Mucho antes de sus siete matrimonios, 9 hijos y Doce nietos, Daniel inauguró en los años ’60 el boliche porteño Jaque, en las 5 esquinas, Libertad y Juncal. Pero el primer sueldo lo ganó dibujando baños de la mano de su primer suegro. “Era arquitecto, hizo los primeros edificios en Buenos Aires de vidrio, esos que subías en coche a tu departamento. Yo dibujaba los baños, con arcadas de piedra, espejos y plantas. Me ganaba 2 mil dólares por baño. Estaba todo el día dibujando”, recuerda.
Fue vendedor de autos en la concesionaria del presidente de Boca Alberto J. Armando, tuvo un estudio de fotografía publicitaria y en Mar del Plata instaló una fábrica de sweatersque alternaba con la pintura al óleo: exhibía y vendía en Buenos Aires. Con la venta de la fábrica compró un barco pesquero. Le fue bárbaro hasta que se le rompió la caja de cambios y debió venderlo. Entonces inventó una de las primeras empresas de radiotaxis en la costa. Para la misma época llegó a su vida una nueva faceta. “Conocí a una gente que oraba y me encantó como oraban. Me metí y llegué a ser dirigente y servidor de la Renovación Carismática Católica acá en Mar del Plata. Estuve 18 años con ellos coordinando grupos de oración”, detalla.
Cuando el Bosque Peralta Ramos era, según Daniel, tierra de nadie, organizó una empresa de seguridad. La bautizó Orvecong: Organización vecinal de control y guardia. Él mismo patrullaba. La productora de TV llegó más tarde, se llamó Daniel Gil producciones. Ya no existía para cuando fundó la subcomisión de surf dentro del club Atlético Huracán de Mar del Plata. “Ahí puse mi Academia Argentina de Surf que estaba guacha de institución”, cuenta.
Mientras le enseña cómo pasarle la parafina a su tabla a una de chica de unos veintipocos en su casa, es decir, en la playa, Daniel recuerda que el surf estuvo en su vida mucho antes que aquella vez que vio por primera vez una tabla: “Yo fui un barrenador empedernido toda la vida, desde los 7 años”.
— Pero si no había tabla, ¿con qué barrenabas?
— Con el pecho (ríe). Pechito y la mano. Cuando era chiquito barrenaba hasta la espumita. Mi hobby era hacer barrenar maderitas. El casero de mi casa en Mar del Plata era carpintero. Estaba todo el día serruchando y todo el día caían pedacitos de madera. Entonces la señora que me cuidaba, Ofelia, juntaba todas las maderitas y las metía en una bolsa en las que vienen las cebollas y me las daba.
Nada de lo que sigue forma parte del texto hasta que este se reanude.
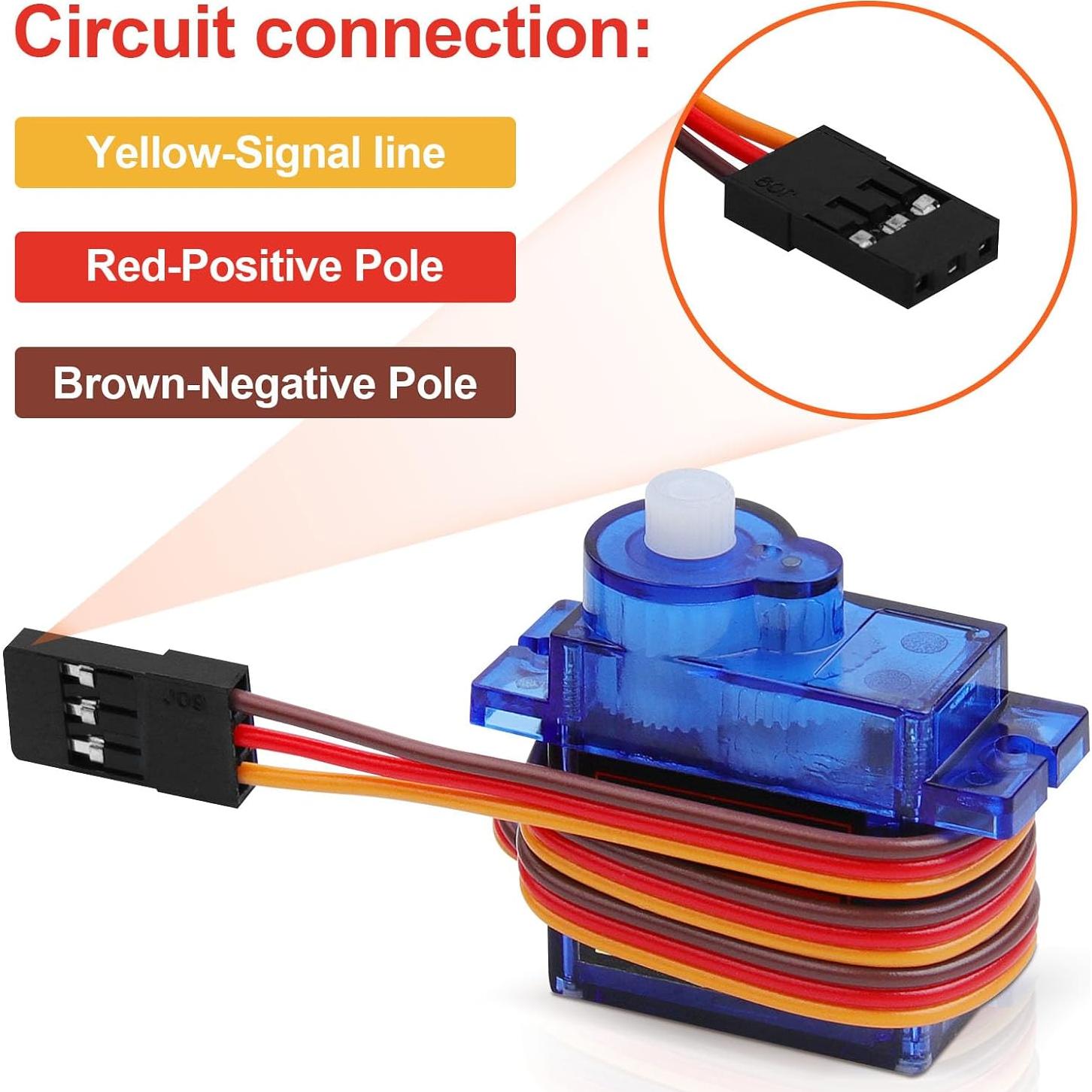 4 Piezas Servo Micro SG90 9g Deegoo-FPV para Robots y Modelos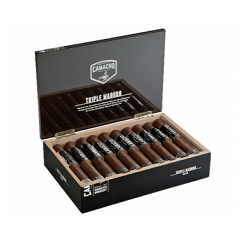 Camacho Triple Maduro Robusto - 20 cigars open box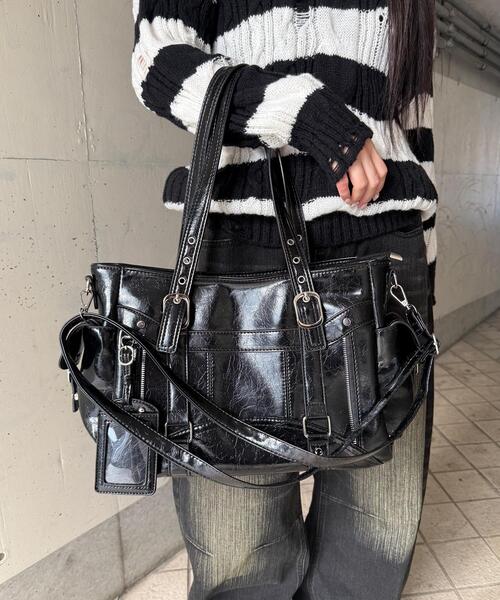 トートバッグ Figments/チャームツキY2Kバッグ レディース メンズ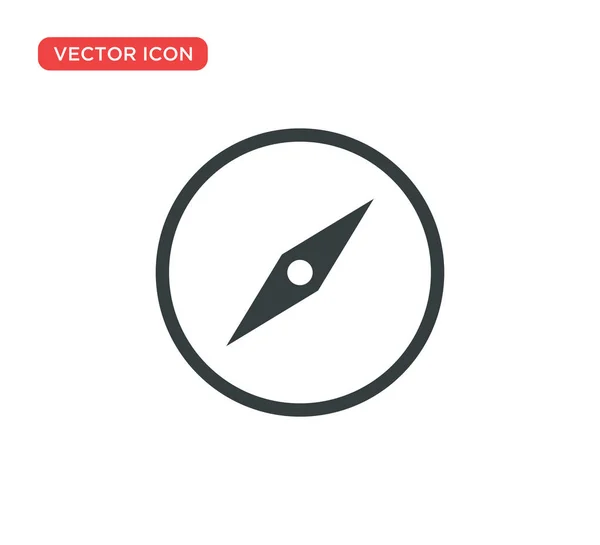 Brújula de flecha Icono Vector Diseño de Ilustración — Vector de stock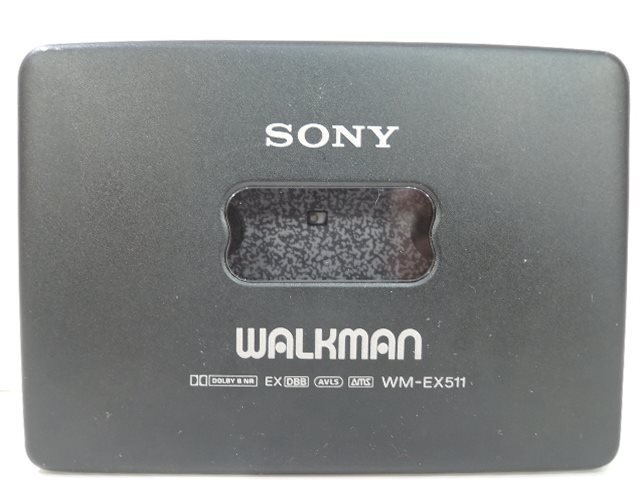 SONY ソニー Walkman カセットウォークマン WM-EX511 ブラック バッテリー無し 本體+バッテリーチャージャーセット 動作未確認(rèn)/ジャンク品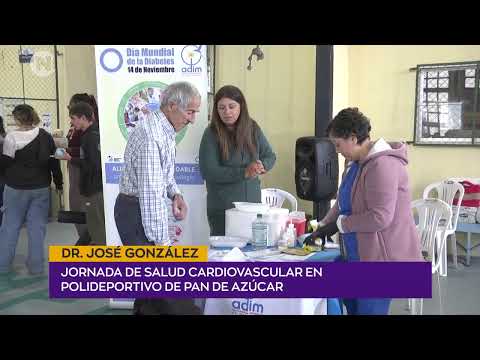 DR. JOSÉ GONZÁLEZ, JORNADA DE SALUD CARDIOVASCULAR EN POLIDEPORTIVO DE PAN DE AZÚCAR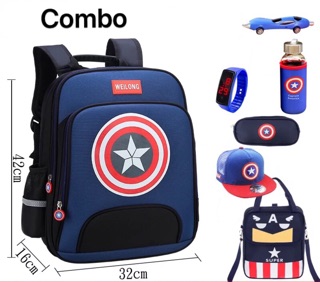 CẶP SÁCH, BALO ĐI HỌC CHO BÉ SET 7 MÓN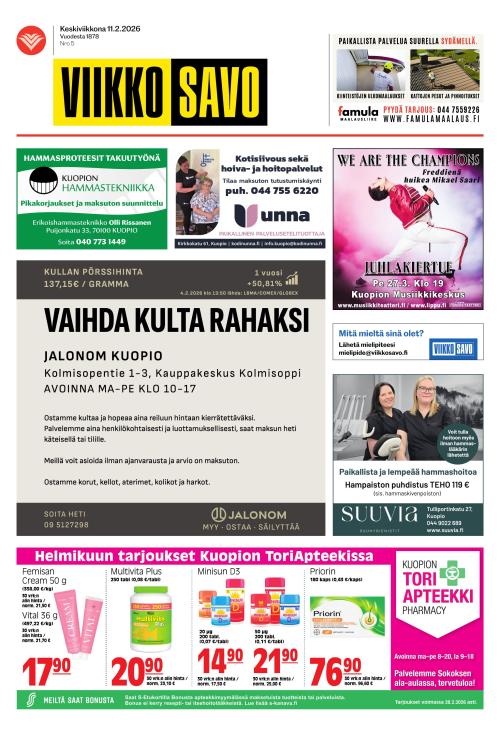 Viikkosavo 11.2.2026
Cuando mamá se iba al centro, que todavía no existía la peatonal San Martín, me dejaba en la popular, al lado del muelle de los pescadores. Entonces me iba hasta la punta de la escollera y tiraba una maderita. Cuando venía la ola, la maderita venía barrenando, pa, pa, pa, y yo la seguía caminando por la escollera. Hasta la orilla, mirándola. Si podía rescatarla lo hacía. Si no, tiraba otra.
Aunque hace 56 años que viene a Mar del Plata a surfear, hace 24 años que vive aquí y Dieciocho que vendió el auto: “Para no moverme. ‘Hay que venir’, ‘hay que ir’, ‘hay que llevar’, ‘hay que traer’, ‘No tengo más auto’. Basta: no voy nada. Llegué al lugar donde siempre quise estar“.
El cálculo no por rápido deja de ser certero: a uno de sus OCHO perros le tiró la pelotita desde la casa al mar cien veces por día durante 10 años. El resultado fue la lesión del hombro, el manguito rotador. También Diez años jugando con un perro, en la playa, todo el año.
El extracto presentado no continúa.